It's not clear to me at all. Number systems, formal as they are, were arrived at via human reasoning, which is not a formal system. Human reasoning is, I maintain, complete, in that all possible truths are in principle available to it, including the truth or falisity of formally undecidable Gödel statements. The price paid for this is inconsistency: some wrong statements will seem to be true, and vice-versa. I don't think I need to make a case that human reasoning is inconsistent.
Which has no bearing. The number system is formal and contains Godel statements. It is (assumption) the natural product of human reasoning which is (another assumption) a natural product of physical law. By composition, the number system is a natural product of physical law. Ergo, physical law contains Godel statements.
Human reasoning is, I maintain, complete, in that all possible truths are in principle available to it ...
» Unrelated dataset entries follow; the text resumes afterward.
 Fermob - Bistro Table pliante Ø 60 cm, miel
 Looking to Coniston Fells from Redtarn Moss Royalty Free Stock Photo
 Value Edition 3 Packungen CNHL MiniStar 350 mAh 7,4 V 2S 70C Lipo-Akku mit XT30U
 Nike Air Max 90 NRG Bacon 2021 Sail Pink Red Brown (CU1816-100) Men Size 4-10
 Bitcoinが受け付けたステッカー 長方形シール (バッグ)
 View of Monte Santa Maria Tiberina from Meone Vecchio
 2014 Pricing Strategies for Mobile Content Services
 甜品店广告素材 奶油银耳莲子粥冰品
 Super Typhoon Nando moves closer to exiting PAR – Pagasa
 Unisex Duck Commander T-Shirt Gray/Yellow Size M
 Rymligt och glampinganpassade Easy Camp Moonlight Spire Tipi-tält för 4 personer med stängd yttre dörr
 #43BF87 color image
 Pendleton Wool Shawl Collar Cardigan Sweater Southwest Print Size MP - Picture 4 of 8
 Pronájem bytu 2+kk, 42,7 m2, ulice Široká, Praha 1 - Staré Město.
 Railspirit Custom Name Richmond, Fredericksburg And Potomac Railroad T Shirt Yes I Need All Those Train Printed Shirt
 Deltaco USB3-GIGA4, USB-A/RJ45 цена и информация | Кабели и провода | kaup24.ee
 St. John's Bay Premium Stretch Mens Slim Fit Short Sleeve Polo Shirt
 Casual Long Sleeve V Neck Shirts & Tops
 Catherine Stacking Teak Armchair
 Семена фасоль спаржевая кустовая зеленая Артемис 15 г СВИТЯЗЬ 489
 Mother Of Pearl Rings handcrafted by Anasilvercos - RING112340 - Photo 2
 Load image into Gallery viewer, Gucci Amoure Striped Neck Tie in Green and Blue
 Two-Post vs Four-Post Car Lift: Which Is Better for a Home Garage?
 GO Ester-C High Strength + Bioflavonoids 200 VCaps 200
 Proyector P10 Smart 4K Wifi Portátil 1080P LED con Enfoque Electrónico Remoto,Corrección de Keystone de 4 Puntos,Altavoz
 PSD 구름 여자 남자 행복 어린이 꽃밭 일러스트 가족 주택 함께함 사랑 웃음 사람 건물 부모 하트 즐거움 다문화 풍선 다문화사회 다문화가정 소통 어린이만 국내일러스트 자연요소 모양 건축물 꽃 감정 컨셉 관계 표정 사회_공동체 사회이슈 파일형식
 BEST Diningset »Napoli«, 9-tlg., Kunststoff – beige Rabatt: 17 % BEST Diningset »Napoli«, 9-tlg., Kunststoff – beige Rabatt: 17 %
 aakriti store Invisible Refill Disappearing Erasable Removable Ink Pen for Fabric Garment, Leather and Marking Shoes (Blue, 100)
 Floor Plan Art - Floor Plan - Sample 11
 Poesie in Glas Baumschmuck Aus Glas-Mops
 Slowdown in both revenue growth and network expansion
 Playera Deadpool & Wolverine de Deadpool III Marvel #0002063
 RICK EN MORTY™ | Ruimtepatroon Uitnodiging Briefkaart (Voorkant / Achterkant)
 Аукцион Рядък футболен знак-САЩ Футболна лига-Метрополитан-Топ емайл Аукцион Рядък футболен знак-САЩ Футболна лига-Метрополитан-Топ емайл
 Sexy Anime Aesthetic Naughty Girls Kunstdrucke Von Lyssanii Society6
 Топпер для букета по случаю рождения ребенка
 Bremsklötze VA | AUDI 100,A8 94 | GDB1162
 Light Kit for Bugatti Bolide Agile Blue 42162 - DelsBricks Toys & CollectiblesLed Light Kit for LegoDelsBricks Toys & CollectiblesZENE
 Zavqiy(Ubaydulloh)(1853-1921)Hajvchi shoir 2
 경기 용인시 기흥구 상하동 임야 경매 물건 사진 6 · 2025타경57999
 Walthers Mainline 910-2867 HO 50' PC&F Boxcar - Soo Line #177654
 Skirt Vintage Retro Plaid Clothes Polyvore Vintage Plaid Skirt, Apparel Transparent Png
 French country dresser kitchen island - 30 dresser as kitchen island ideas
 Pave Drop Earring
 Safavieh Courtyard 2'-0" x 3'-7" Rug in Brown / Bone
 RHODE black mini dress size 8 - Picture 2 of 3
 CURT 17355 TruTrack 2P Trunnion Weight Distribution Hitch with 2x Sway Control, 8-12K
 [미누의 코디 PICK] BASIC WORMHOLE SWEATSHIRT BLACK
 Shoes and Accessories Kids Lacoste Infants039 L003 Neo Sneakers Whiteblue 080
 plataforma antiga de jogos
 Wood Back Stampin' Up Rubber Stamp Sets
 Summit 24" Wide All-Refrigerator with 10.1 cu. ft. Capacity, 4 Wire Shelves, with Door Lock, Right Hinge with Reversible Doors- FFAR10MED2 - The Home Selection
Not so. Human reasoning has bounded algorithmic complexity. Any truth exceeding that complexity is not open to it. So far as I know, there's no way out.
... including the truth or falisity of formally undecidable Gödel statements
Again not so. The nature of Godel statements is that they are neither true nor false but may be assumed to be either true or false.
I don't think I need to make a case that human reasoning is inconsistent.
Actually I think "unreliable" is what you're after. Inconsistency would be believing X and not-X at the same time and not thinking that's a problem.